(株)大洋不動産

相続マインズ福岡

小峰 裕子

平成元年より不動産業に従事。不動産におけるすべての判断はオーナーご家族の幸せや将来設計に多大な影響を及ぼすことを実感する。1999年にCFP®資格取得、2000年にNPO法人相続アドバイザー協議会養成講座1期生として研修を受け、相続に強い不動産の専門家として不動産管理運営の相談業務を中心に、セミナー講師や不動産相続のサポート業務を行っている。
大洋不動産常務取締役・相続マインズ福岡代表
CFP®(1級ファイナンシャルプラン技能士)
CPM®(米国公認不動産経営管理士)

この執筆者の過去のコラム一覧

2023/09/10

ただいま人口増加中 PERT2

賃貸アパート・マンションの状況をみていると、世の情勢をよく反映したものだと思います。
以前は学生さんで満室だったアパートも、今は生活保護受給の高齢者が大半を占めるようになりました。
少子化の影響も顕著です。
賃貸物件の増加は競争を招き、厳しい経営環境に置かれる物件も少なくありません。
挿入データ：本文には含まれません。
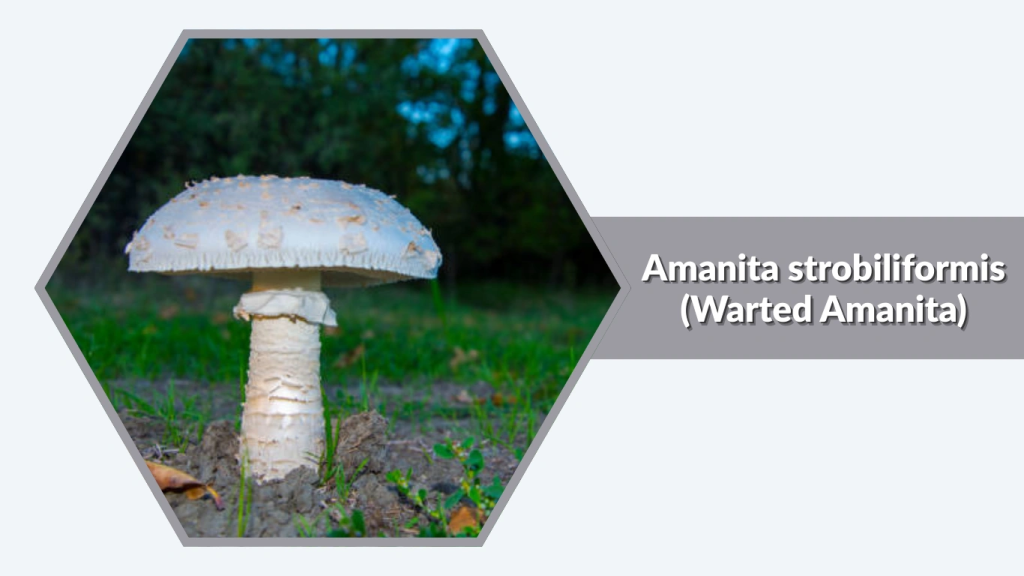 Amanita strobiliformis (Warted Amanita)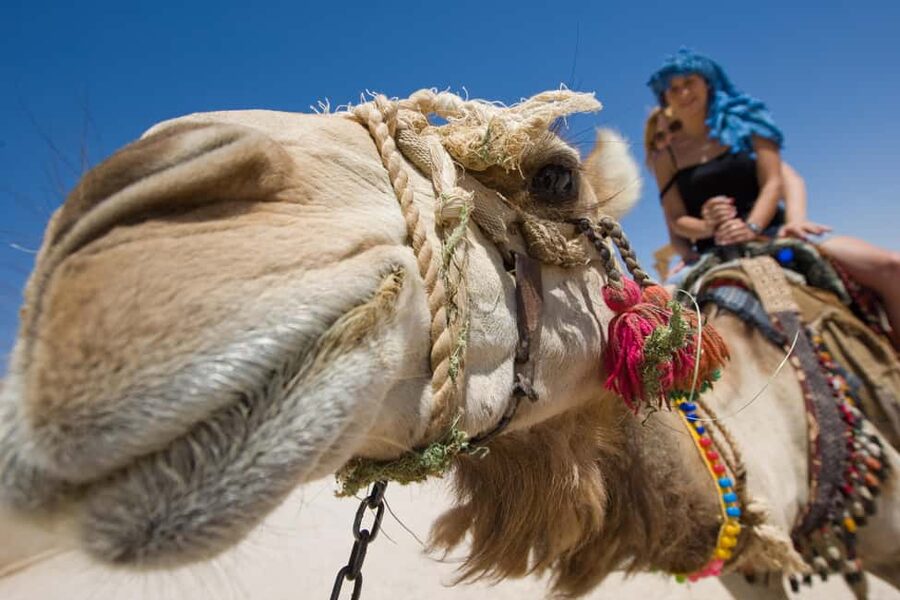 Sharm El-Sheikh: Camel Riding, Stargazing, BBQ Dinner & Show - Making Bedouin bread in the desert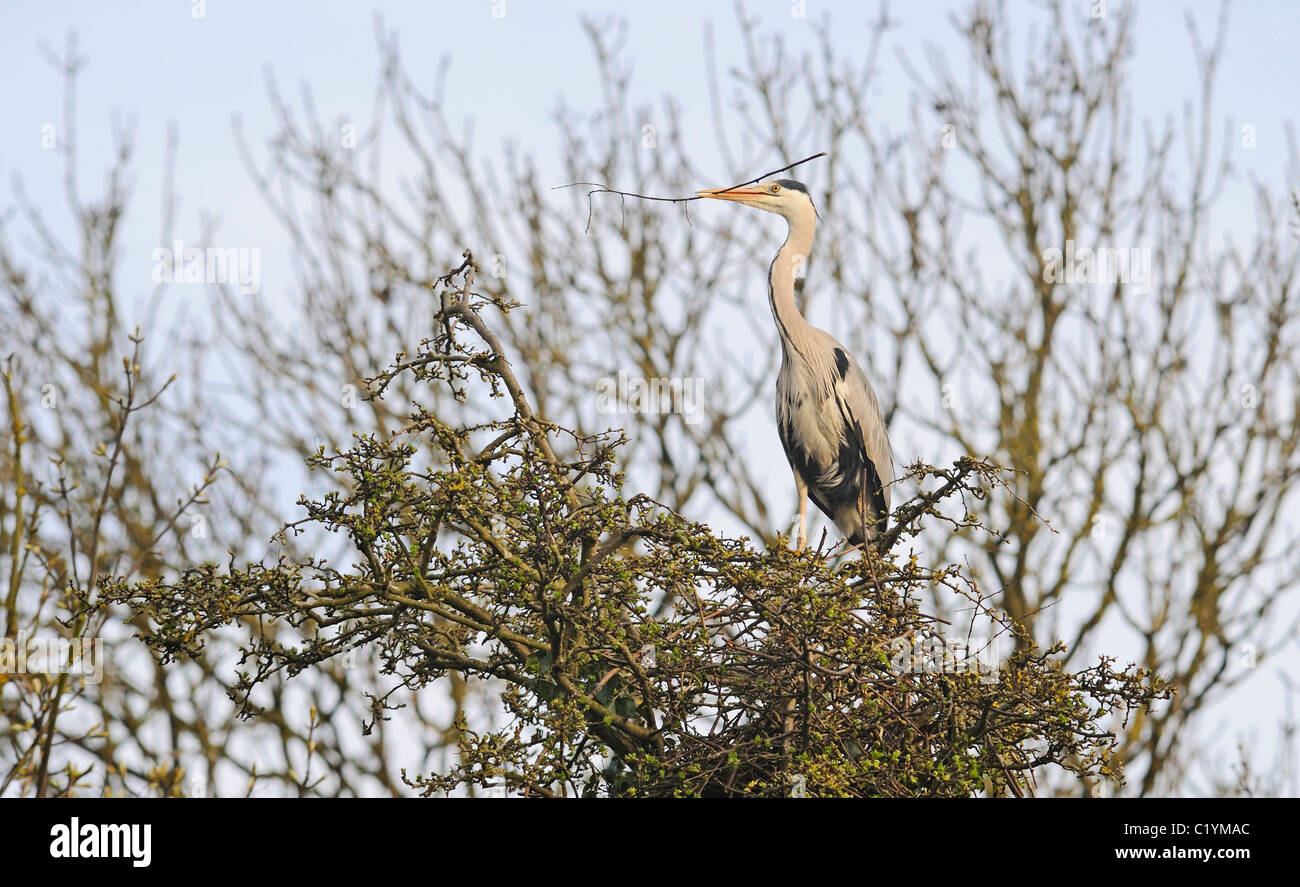 Héron gris adultes avec twig ou petite branche dans son bec au cours de la période de nidification. Banque D'Images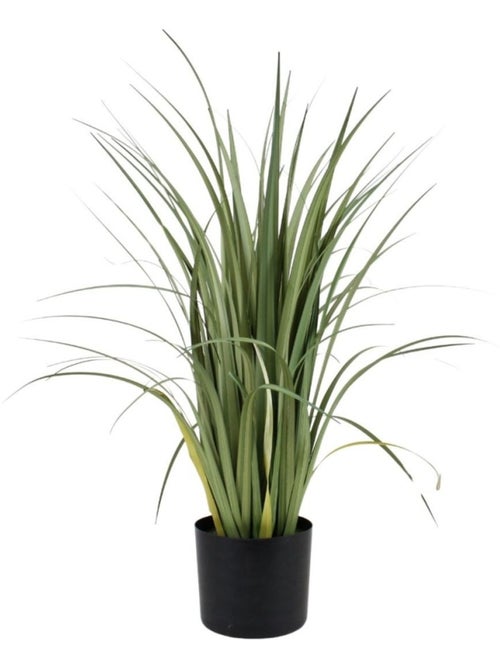 Plante artificielle acorus 80cm - Kiabi Plante artificielle acorus 80cm - Kiabi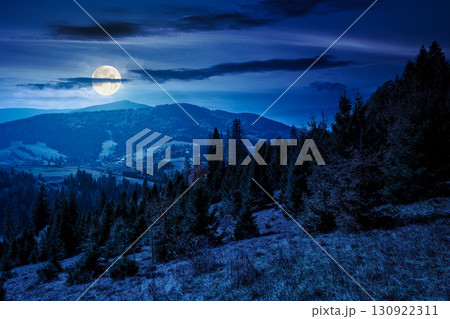 landscape with coniferous forest behind the meadow in autumn at night. nature background with blue sky and mountain ridge in full moon light. alpine woodland 130922311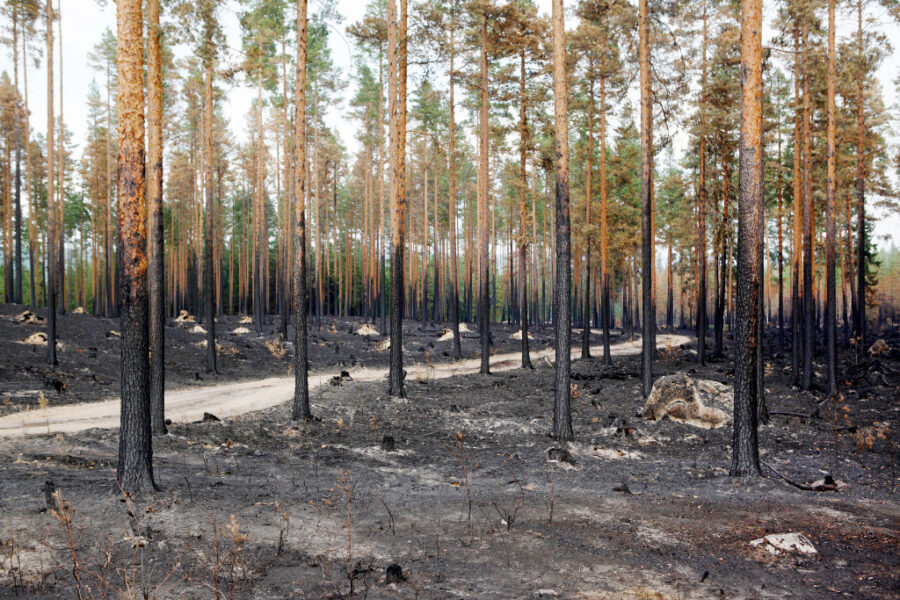 Bränd skog.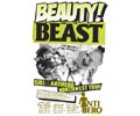 Beauty And The Beast Dvd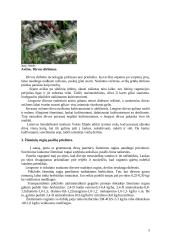 Runkelių auginimas 3 puslapis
そこへ来て、外国人労働者の爆発的といってもいい増加です。

外国人労働者数は過去最高に

岸田首相は今年7月、人口減少を踏まえて「外国人と共生する社会を考えていかなければならない」と語りました。
厚生労働省発表によれば、令和4年10月末現在の外国人労働者数は約182万人。過去最高を更新したとのことですが、首相発言からも「外国人受け入れ」はさらに加速するとみて良いでしょう。
不動産管理会社にとって看過できない発言といえます。


福岡市統計白書より筆者作成

外国人との共生、その現実

最大の課題は「生活習慣の違い」や「衛生感覚」です。
賃貸住宅では、まずゴミ置き場が荒れます。

他社から管理を引き継いだ物件の例です。
お隣に外国人入居者が多く住むアパートが建っているのですが、そこの住人がこちらのゴミ置き場に指定日、指定袋もお構いなしにゴミを出すのです。
生ゴミもそのままで不衛生極まりません。

当該外国人アパートの住人が出したゴミである証拠物を見つけては、管理会社に報告をして本人が住む部屋の玄関前に差し戻す、さらにゴミ出し日以外はとにかく施錠する等々。
散々苦労して約半年で正常に戻しました。
昨今に限ればの話、残念ながら「マナーが悪い」「ルールを守らない」のは概ね外国にルーツのある方々です。


福岡市統計白書より筆者作成

管理会社の姿勢と外国人

もちろん、すべての外国人を指してのことではありません。
コンビニで接する外国人スタッフなど、商品を並べているかと思うとレジにかけ寄っては流ちょうな日本語と笑顔を返してくれます。
また日本の若い人達がやりたがらない仕事に取り組み、きびきびと真面目に働く姿に感銘を受ける日本人はむしろ多いです。

元々、福岡市東区は外国人が多いエリアです。
なかでも箱崎は30年以上前から九州大学留学生を多く受け入れてきたような街です。
私たち大洋不動産も、また大半の同業他社も、日本語学校や外国人を雇用する法人と様々な協力関係を築き、お互い工夫し合い、トラブルにならないようにご入居頂いているのが現状です。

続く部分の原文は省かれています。